Reprinted from the blog of former BJ columnist Abe Zaidan
THE PASSING 0f Terry Oblander, a colleague and friend, has opened another hole in the ranks of enthusiastic newspapermen who considered it a privilege to show up at the office every day. His disheveled presence at his desk, whether he was trying to fill in a few more blanks for a feature story or grinding out hard news, was usually a sight for the journalistically correct reporters and editors in his midst. One moment he would be bellowing, the next he would erupt in violent laughter. His gestures were broad; his personality, for better or worse, never suppressed. The world, for "The Dutchman" was never a neat place where the spoons and forks were properly placed at the sides of the plate.
He was doubtless the last demonstrative vestige of the shrinking hometown business in which newsrooms have been quieted by vanishing staffs, energized voices and clicking typewriters. Today a lot of people communicate with lowered voices, hopeful, among other things, of keeping their jobs before retirement in a few years, months or weeks.

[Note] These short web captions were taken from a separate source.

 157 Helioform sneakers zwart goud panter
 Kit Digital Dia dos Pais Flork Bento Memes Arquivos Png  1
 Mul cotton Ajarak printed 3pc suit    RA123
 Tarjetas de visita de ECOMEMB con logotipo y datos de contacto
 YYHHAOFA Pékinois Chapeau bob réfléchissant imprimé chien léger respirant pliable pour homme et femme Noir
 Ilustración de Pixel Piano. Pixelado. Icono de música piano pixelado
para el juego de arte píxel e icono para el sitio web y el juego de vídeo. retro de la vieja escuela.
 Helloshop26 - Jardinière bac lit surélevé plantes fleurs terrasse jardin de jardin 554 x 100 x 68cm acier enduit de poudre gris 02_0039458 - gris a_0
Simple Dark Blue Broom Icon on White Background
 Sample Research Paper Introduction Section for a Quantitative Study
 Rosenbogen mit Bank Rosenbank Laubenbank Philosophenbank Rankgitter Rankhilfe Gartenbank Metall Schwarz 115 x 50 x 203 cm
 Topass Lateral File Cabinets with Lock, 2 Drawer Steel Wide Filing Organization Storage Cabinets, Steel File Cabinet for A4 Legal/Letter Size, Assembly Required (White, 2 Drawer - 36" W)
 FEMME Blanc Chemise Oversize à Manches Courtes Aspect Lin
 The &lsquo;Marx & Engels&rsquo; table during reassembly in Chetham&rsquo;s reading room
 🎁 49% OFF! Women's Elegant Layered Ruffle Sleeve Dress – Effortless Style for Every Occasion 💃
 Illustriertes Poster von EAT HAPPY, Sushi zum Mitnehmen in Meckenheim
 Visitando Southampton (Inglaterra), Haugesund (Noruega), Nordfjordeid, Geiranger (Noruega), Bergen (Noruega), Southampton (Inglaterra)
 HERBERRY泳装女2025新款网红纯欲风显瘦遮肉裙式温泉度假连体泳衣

For many years, Terry, stricken by heart failure at 64, gallantly hung on to the end despite the loss of his wife and the need for care for his kids as an everyday workingman. But his bad luck seemed to follow him in his post-Beacon Journal days at the Plain Dealer. He worked in the PD's once-flashy bureau in Montrose, joined the subsequent move to the paper's windowless office in a basement on the Medina Square that could have passed for submarine quarters and continued his odyssey to various other points that wound up in Cleveland - all with a family home in Medina. He was one of the victims of the paper's confusion over what it wanted to be if it ever sank some roots south of Cuyahoga County.
I had worked part-time(!) for the PD and witnessed the upheaval before deciding there could be a decent life as a writer free of newspapers. During the later years, Terry called from time to time, beginning with "How's it going?" (He was the sort of person who really wanted to know, instead of the usual conversation gambit.)
I began to sense that the vitality in his voice was absent. Cynicism had crept in to his hung-ho love of a reporter's life. I wish I could have told him that things were bound to improve, but that would have been a lie to one of most conscientiously honest human beings that I had ever met in the business - or anywhere else, for that matter.
So I listened. We talked. After the newspaper talk, he would tell me about his kids' love of sports, and the memorabilia of the passion. Finally, he would say, "Well, I gotta go. Let's have lunch sometime". Just like that.
I' m sorry I took so long to share another beer and shelled peanuts with him. Too soon, his heart, as well as his business, let him down.